Division with fractions might seem tricky at first, but it's just a different way of thinking about numbers. When you divide by a fraction, you're asking how many times the fraction fits into the number you're dividing. For instance, in our problem, we want to know how many \( \frac{2}{3} \) foot pieces fit into a 16-foot pipe.

• First, remember that dividing by a fraction is the same as multiplying by its reciprocal. The reciprocal of a fraction is made by flipping its numerator and denominator. So, the reciprocal of \(\frac{2}{3} \) is \(\frac{3}{2} \).


• Now, replace the division with multiplication by the reciprocal: \[ x = 16 \times \frac{3}{2}. \]

Understanding this concept means you can handle any fraction division confidently.

Multiplying fractions is more straightforward than it sounds. It's about increasing or decreasing a number by the fraction you're multiplying with.

• When you multiply two fractions, multiply the numerators together to get the new numerator.


• Multiply the denominators together to get the new denominator.

In our problem, once we convert the division to a multiplication: \(16 \times \frac{3}{2} \), we treat 16 as \(\frac{16}{1} \). Therefore, multiply 16 (numerator) by 3, giving 48, and 1 (denominator) by 2, giving 2.

• The resulting fraction \(\frac{48}{2} \) simplifies to 24.

This method shows how we can multiply entire numbers by fractions and maintain balance.

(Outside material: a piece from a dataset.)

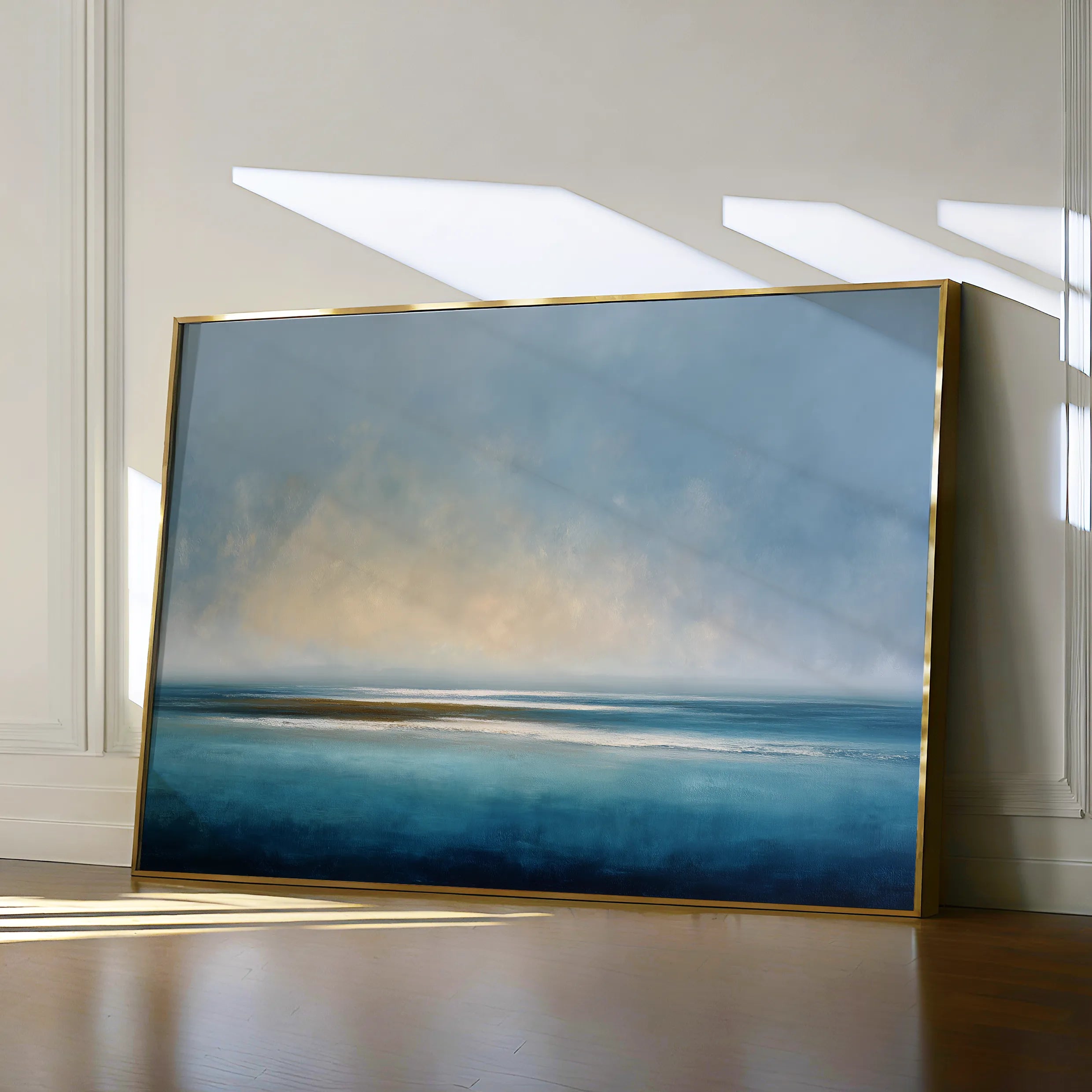 Abstract 1651 Canvas Art 18" x 24" / 45 x 60 cm / Black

Problem solving in math requires a systematic approach to unpacking and addressing the problem. Here, understanding the situation is key. When facing a problem like laying pipe pieces together, you should:

• Understand the Problem: Recognize what you're asked to find. With our pipe problem, we're looking for the number of pieces needed to reach a certain length.


• Set Up the Equation: Use known values to form an equation. Start with variables to represent unknown quantities.


• Solve the Equation: Use mathematical operations such as division and multiplication with fractions to find the answer.

Once the equation \(x \times \frac{2}{3} = 16\) was established, each step logically followed until we found the answer. Through practice, breaking problems into simple steps makes solving math challenges easier and more intuitive.